Your goal: Retyping should cover only the lines from the one containing "Used 2024 Mercedes-Benz" through the final line of the records, with pictures omitted.

────────────────────

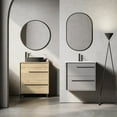 thumbnail image 3 of Ws Bath Collections Lotus C60w Lotus 24" Free Standing Single Basin Vanity Set - Mist, 3 of 5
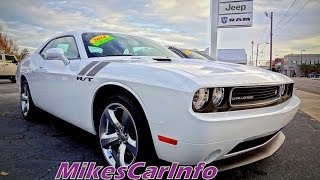 👉 2014 DODGE CHALLENGER RT [upl. by Navlys]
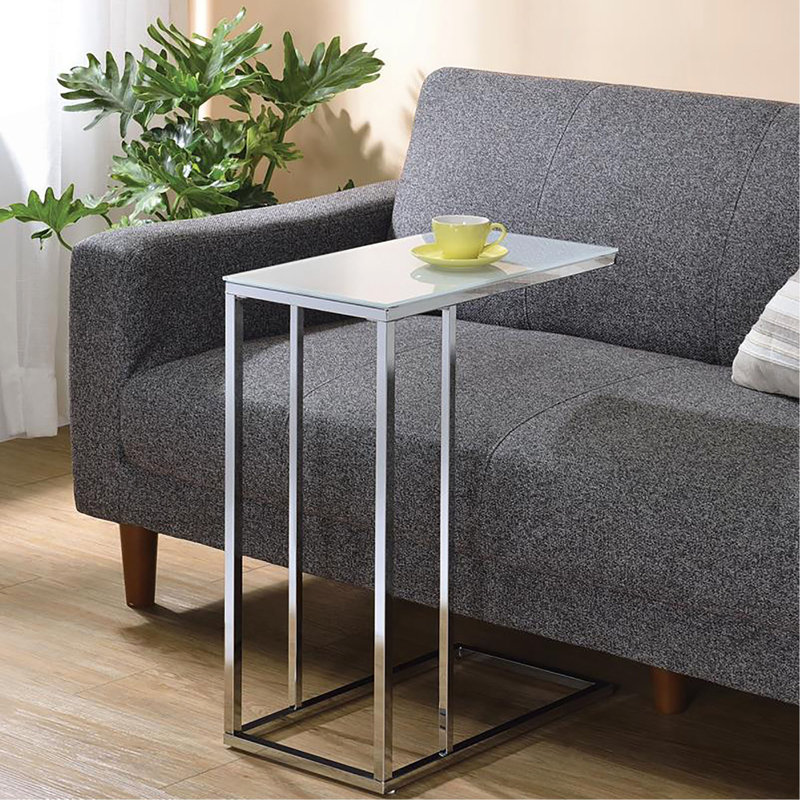 Table d'appoint Connor Chrome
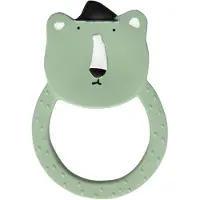 Trixie Natuurlijk rubber ronde bijtring - Mr. Polar Bear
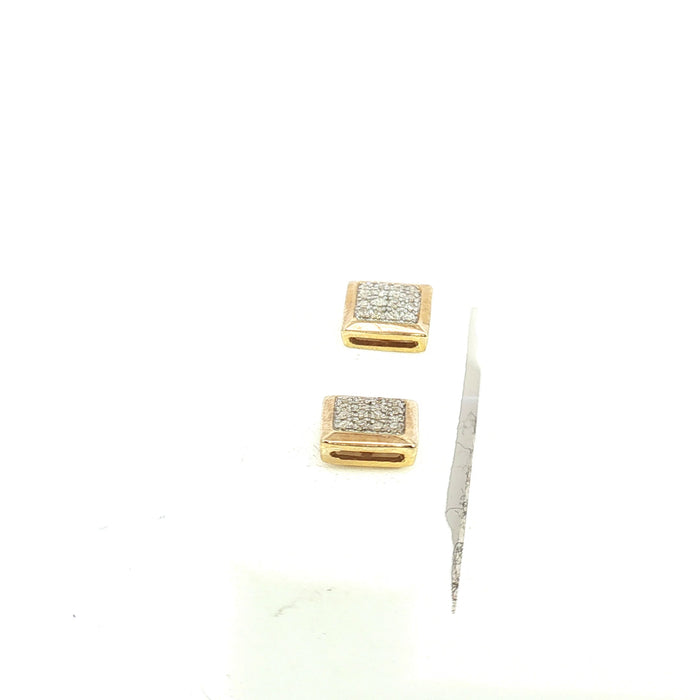 10K 0.08ct Diamond earring - UN-0405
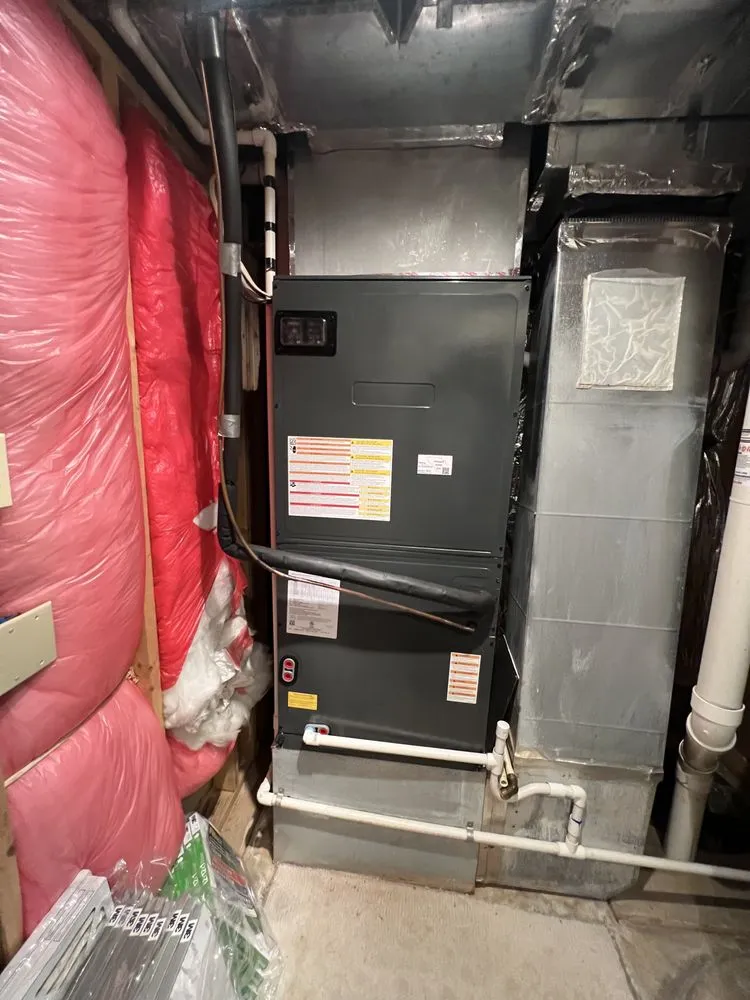 Slide of Howard HVAC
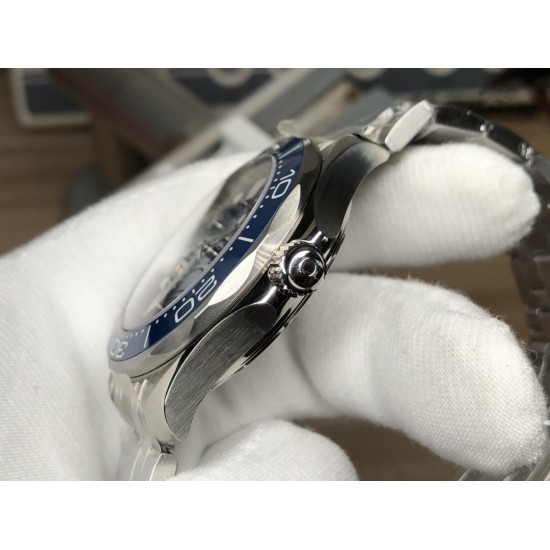 OMEGA 欧米茄 蓝色海马300米～
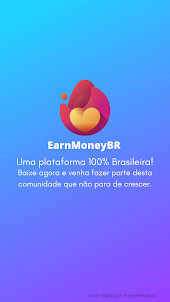 EarnMoneyBR: Ganhar dinheiro, fazendo tarefas!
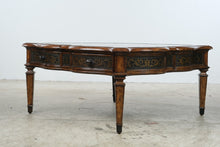 Load image into Gallery viewer, Universal Furniture Traditional Leather Top Coffee Table with Two-Sided Drawers
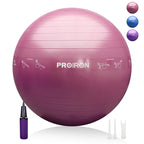PROIRON Extra Thick Exercise Pregnancy Ball 55cm 65cm 75cm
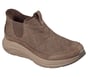 Skechers Slip-ins Relaxed Fit: Contour Foam Boot - Cozy Fit Dash, DARK TAUPE, full image number 3
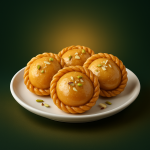 Round Gujiya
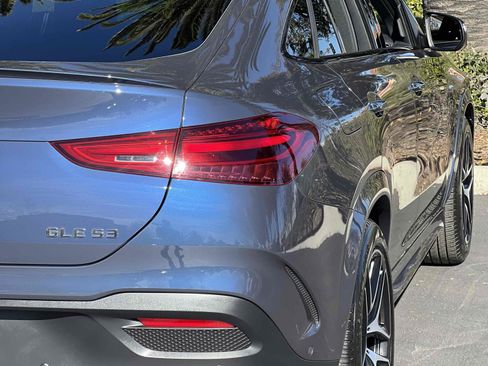 Used 2024 Mercedes-Benz GLE 53 AMG 4MATIC Coupe w/ Driver Assistance Package image 61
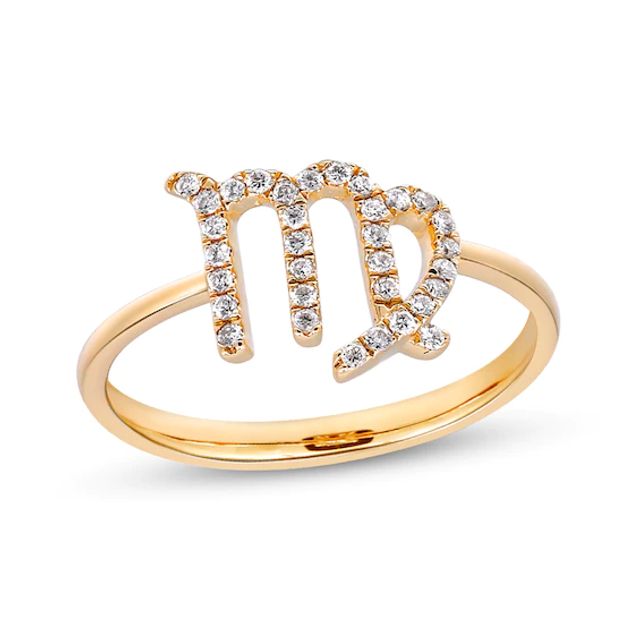 1/6 CT. T.w. Diamond Virgo Ring in 10K Gold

────────────────────

Task result:
 Used 2024 Mercedes-Benz GLE 53 AMG 4MATIC Coupe w/ Driver Assistance Package image 61
 1/6 CT. T.w. Diamond Virgo Ring in 10K Gold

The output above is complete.